Стремлюсь к тому, чего я не знаю,
Не знаю…
И это желанье не знаю откуда
Пришло, откуда.
. . . . . . . . . . . . . . . . .
О, пусть будет то, чего не бывает,
Никогда не бывает.
. . . . . . . . . . . . . . . . .
Мне нужно то, чего нет на свете,
Чего нет на свете.
Эта тенденция, как имеющая свои глубокие корни в условиях современной общественной жизни, заслуживает самого серьезного внимания. Но не следует преувеличивать ее значения. Оно очень ослабляется тем обстоятельством, что движение становится модным и потому неискренним: людям кажется, что поза человека, которому нужно то, ‘чего нет на свете’ и ‘чего не бывает, никогда не бывает’, очень красива, и они охотно принимают эту позу, не испытывая в действительности соответственных чувств. И нужна смелость Шишкина, чтобы в известных кругах сказать: ‘Будь я не Иван Иванович, а Болван Болванович, если пойду еще раз смотреть эту ерунду!’ Как бы то ни было, однако, а мы видим целый ряд художественных произведений, в которых искренно или не искренно отражается тяготение к тому, чего не бывает, никогда не бывает. К этой общей цели художники подходят с разных сторон: то изображают события, каких не бывает, то пишут деревья, каких нет на свете, то пускают в ход краски, не соответствующие действительности, то комбинируют реальные черты с невозможными. Спрашивается, какое же ‘настроение’ внушается всем этим зрителю?

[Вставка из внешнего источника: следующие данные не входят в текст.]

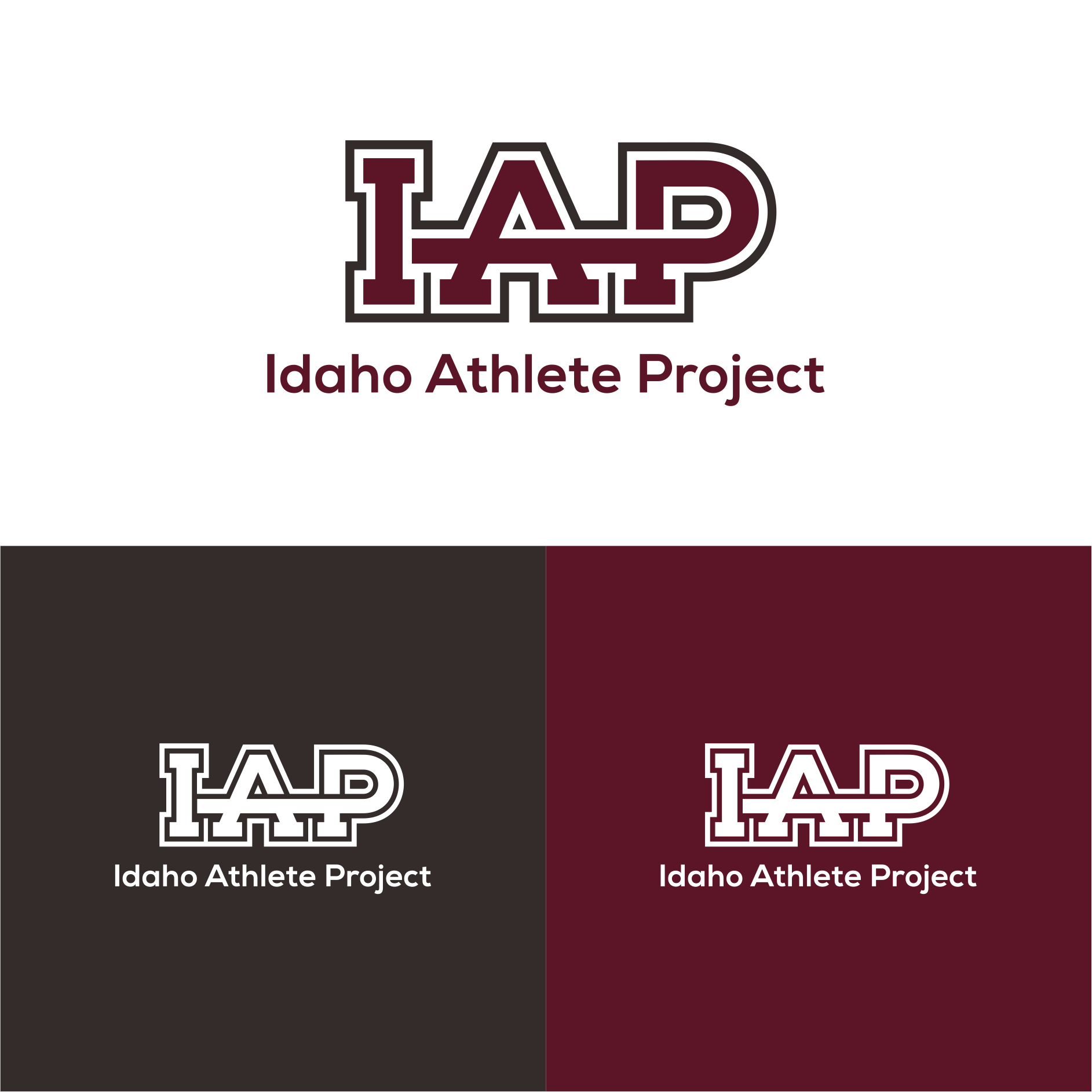 Design de Logo par pry go pour ce projet | Design #25217922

На выставке, о которой идет речь, есть несколько картин г. Эдельфельта. По правде сказать, этому талантливому художнику как будто и не место в такой компании: слишком он для них прост и ясен, слишком привержен к тому, что и есть, и что бывает. И, например, его упомянутая уже картина ‘Похороны ребенка’ вызывает вполне определенное настроение грусти. Но вот его же картина ‘Магдалина’. Стоит Христос в белой одежде, с выражением кротости на лице, как его обыкновенно пишут, только выражение это не ярко, может быть, потому, что Христос стоит в профиль. Словом, Христос традиционный, ничем не выделяющийся из бесчисленных изображений Спасителя. Перед ним на коленях, простирая к нему руки и с полными слез глазами стоит Магдалина. Скорбь грызущей совести, может быть, уже облегченная этими слезами и надеждой на прощение, передана очень сильно. А так как г. Эдельфельт, к счастию, не щеголяет ни намеренною неправильностью рисунка, ни нелепостью красок, ни другими подобными вздорами, мешающими зрителю войти в данное положение, пережить преображенную жизнь, то между зрителем и художником и зрителем и кающеюся Магдалиной возникает то осложненное художественным наслаждением общение, которое составляет конечную задачу искусства. Одна беда: эта прекрасно написанная Магдалина, в противоположность Христу, вполне современна. Это — современная типичная чухонка в кофточке ж современном костюме вообще. Зачем это? Конечно, и современная финская, как и всякая другая грешница, может испытывать чувства скорби и покаяния и надежды искупления совершенно так же, как Магдалина, и точно так же выражать их. Но одно из двух: или Магдалина должна быть современна Христу, а не нам, или Христос должен ей явиться в видении, в мечте, пожалуй, в виде художественного произведения, скульптурного или живописного. Я знаю, что г. Эдельфельт не первый прибегает к этому сочетанию евангельских черт с современными,— у французов уже есть подобные картины. Но это не мешает быть этому новому пути в живописи ложным, по той простой причине, что он разбивает цельность впечатления. Так и хочется разрезать картину г. Эдельфельта пополам.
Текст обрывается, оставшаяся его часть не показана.